Vielmehr ist es Aufgabe der Behörde, unter Beachtung der Rechtsauffassung
des Gerichts eine neue und richtige Ermessungsentscheidung zu treffen [s.
auch unter `Abwägungsgebot`].
Erschliessung
Grundvoraussetzung für die Erteilung einer Baugenehmigung und für
die Genehmigungsfreistellung ist eine gesicherte Erschliessung. Zur Erschliessung
im Sinne des öffentlichen Baurechts gehören eine gesicherte Zufahrt,
eine ausreichende Wasserversorgung und eine ordnungsgemässe Abwasserbeseitigung.

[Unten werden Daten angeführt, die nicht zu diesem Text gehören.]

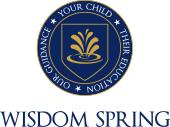 Wisdom spring education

Zur gesicherten Zufahrt zählt auch, dass das Baugrundstück in
ausreichender Breite an einer öffentlichen Verkehrsfläche liegt
[Abweichungen gibt es bei Wohnwegen von begrenzter Länge z.B.].
Der Erschliessungsumfang richtet sich nach der Art des Bauvorhabens. So
müssen für die Errichtung einer landwirtschaftlichen Gerätehalle
die Zufahrt und die Beseitigung des Oberflächenwassers gewährleistet
sein, während es einer Wasserversorgung nicht bedarf.
Erschliessungsanlagen sind die kommunalen Einrichtungen [Ortsstrasse, gemeindliche
Wasserversorgungsanlage, Ortskanal]. Private Erschliessungseinrichtungen
wie private Wohnwege, eigener Brunnen, Hauskläranlage kommen nur in
wenigen Ausnahmefällen in Betracht.
Die Herstellung der Erschliessungsanlagen ist eine Pflichtaufgabe der Gemeinde.
Wenn auch der einzelne Bürger keinen unmittelbaren Rechtsanspruch
auf Erschliessung besitzt, ist eine Gemeinde, die ein Baugebiet ausgewiesen
hat, verpflichtet, innerhalb einer angemessenen Frist [etwa 3 Jahre nach
Inkrafttreten des Bebauungsplanes] die Erschliessungseinrichtung herzustellen.
Im Regelfall stellen die Gemeinden die Erschliessungsanlagen so rechtzeitig
her, dass sie spätestens zur Bezugsfertigkeit der ersten Gebäude
die Anlagen benutzbar zur Verfügung stehen.
Der den Gemeinden entstehende ungedeckte Erschliessungsaufwand kann bis
zu 90% auf die beteiligten Bürger umglegt werden. Die restlichen 10%
trägt die Gemeinde. Über Widersprüche entscheidet das Sachgebiet
für Kommunalaufsicht beim Landratsamt.